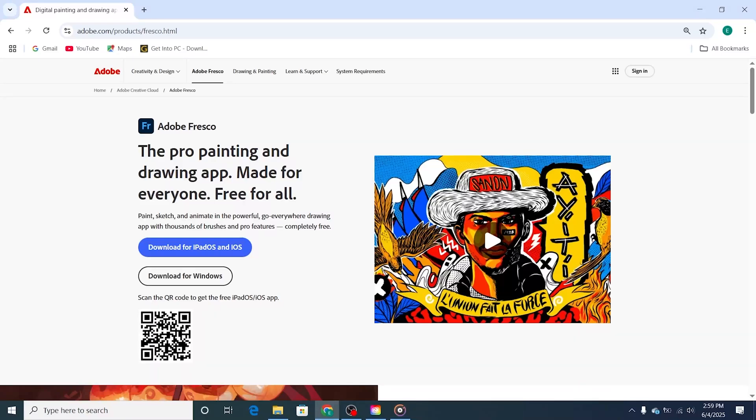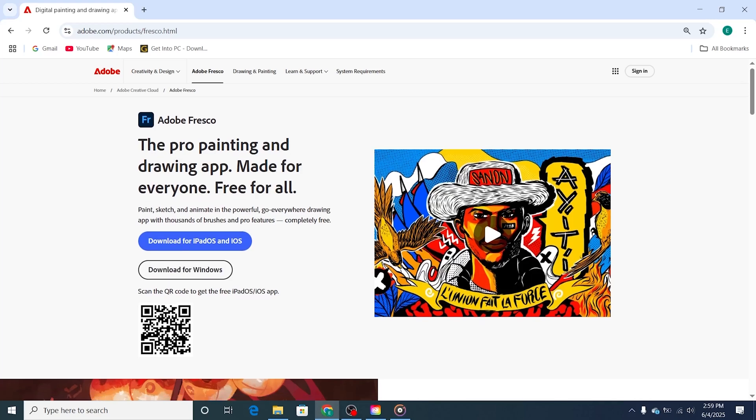Hey there, Creators! In today's tutorial, I'll show you how to download and install Adobe Fresco for free on your PC, Mac, or laptop using the official Adobe website.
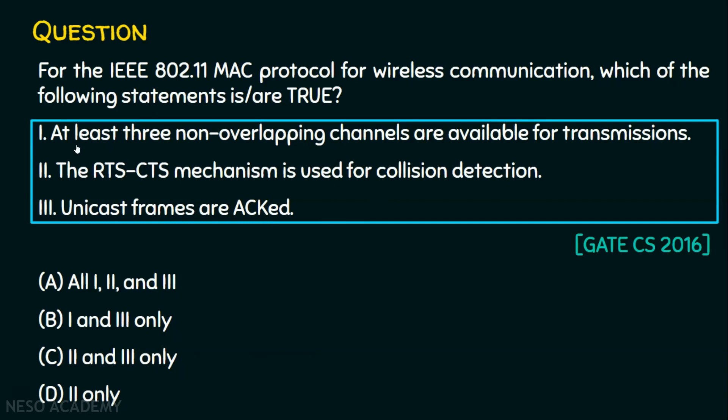So statements one and three are true, while statement two is not true. Therefore, one and three only is the right answer, making option B the correct choice.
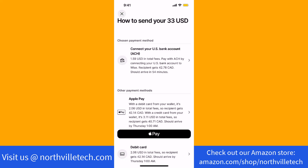Lastly, select a payment method. You could choose whether to connect your bank, Apple Pay, or debit card. With ACH, there is a $1.59 USD fee, while Apple Pay and debit card have a $2.06 USD fee.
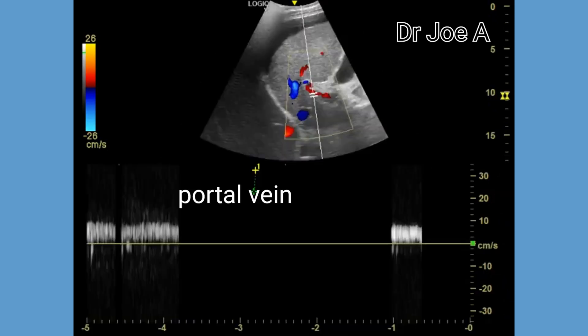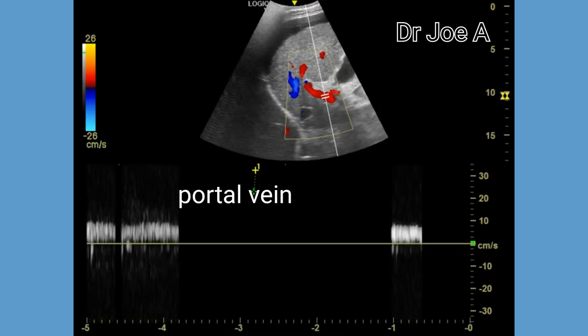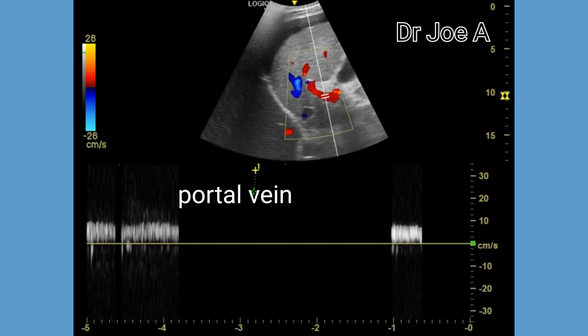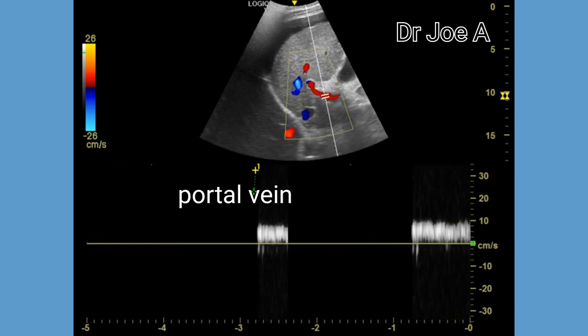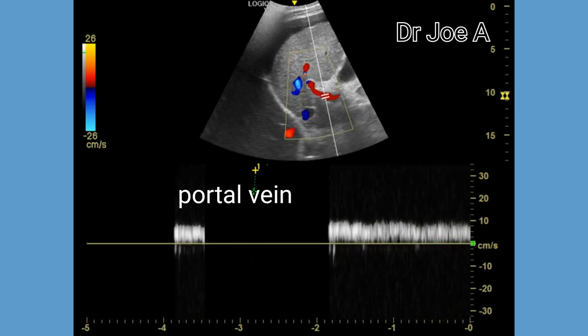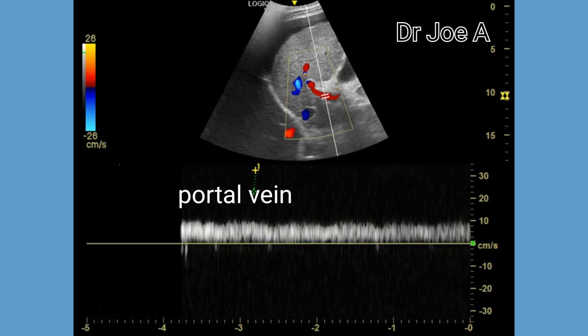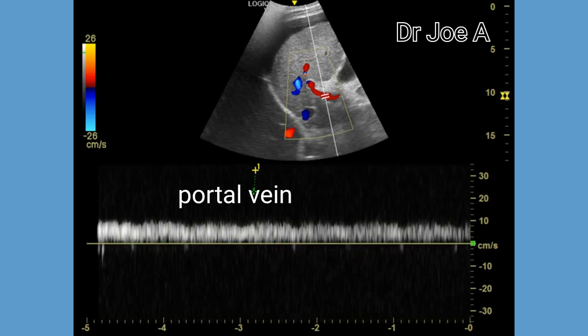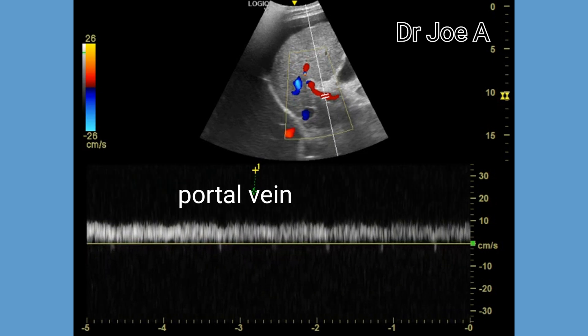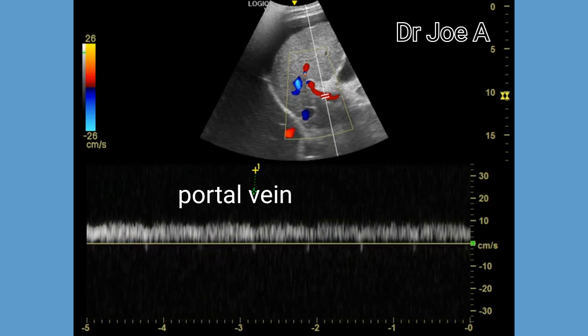Next we come to the spectral Doppler of the portal vein, which appears normal. There is forward flow and normal phasicity — another good sign.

○ ○ ○ ○ ○ ○ ○

Directions -
Retype only the lines from the line with "So statements one" through the last line of the data. Keep both ends and skip the pictures.

Result -
So statements one and three are true, while statement two is not true. Therefore, one and three only is the right answer, making option B the correct choice.
Lastly, select a payment method. You could choose whether to connect your bank, Apple Pay, or debit card. With ACH, there is a $1.59 USD fee, while Apple Pay and debit card have a $2.06 USD fee.
Next we come to the spectral Doppler of the portal vein, which appears normal. There is forward flow and normal phasicity — another good sign.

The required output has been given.